YENİ BİR YAŞAM KURMAK

Tamer Öncül

Henüz başındayız Mart’ın ama sıcaklar bastırdı bile..

Avrupa’da aldatıcı soğuk hava’yı, Kutuplar’daki aşırı ısı artışına bağlıyor  bilim adamları…

Dünya korkunç bir hızla ısınıyor; bölgemiz de öyle…

Ortadoğu’da kaynatılan kazan ısındıkça; bin bir kötülük taşıyor Akdeniz’e…

Ölü bedenler; göç yollarında perişan olan insanlar da artıyor her geçen gün…

Onlarca Medeniyete beşiklik etmiş Akdeniz, şimdi her türlü “medeniyetsizlikle” kirletiliyor…

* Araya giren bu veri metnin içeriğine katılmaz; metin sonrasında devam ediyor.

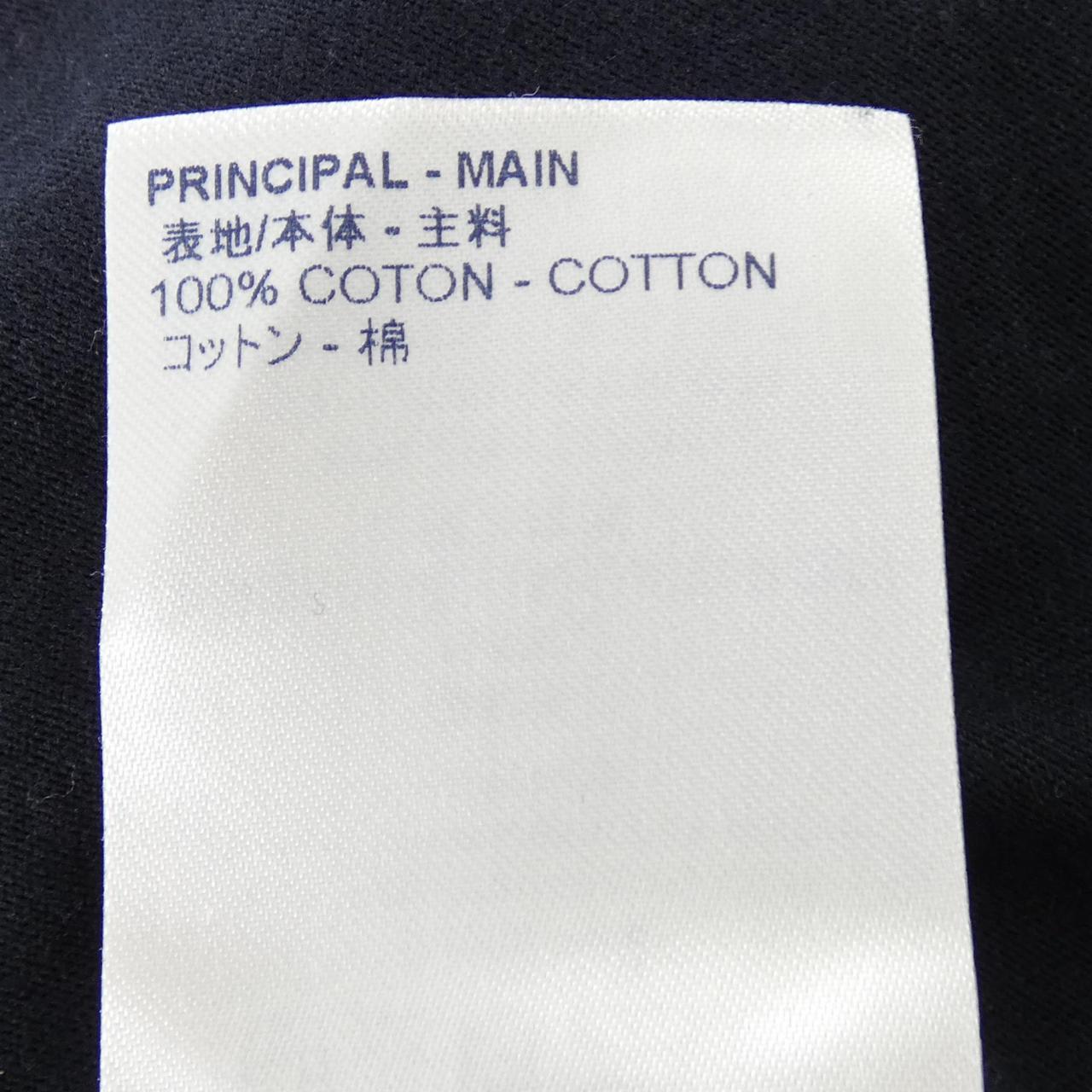 ルイヴィトン LOUIS VUITTON LOUIS VUITTONプリントTシャツ FITS02TXP Tシャツ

Savaş gemileri /denizaltıları, petrol platformlarından balıklara yer kalmıyor şu küçücük denizde…

ABD ve Rusya’nın “egemenlik/hegemonya savaşları”na kurban ediliyor insanlık.

Onların maşası “taşeron diktatörler” “hizmet” yarışında !..

Bombaların havalandırdığı toz bulutları kanla kesifleşip, yakıyor boğazımızı…

Gökyüzü, “parçalı radyoaktif bulutlu!”

Kan derelerinin başına HES (Hidroelektrik Santrali) kuruyor birileri; Nükleer santral yolda…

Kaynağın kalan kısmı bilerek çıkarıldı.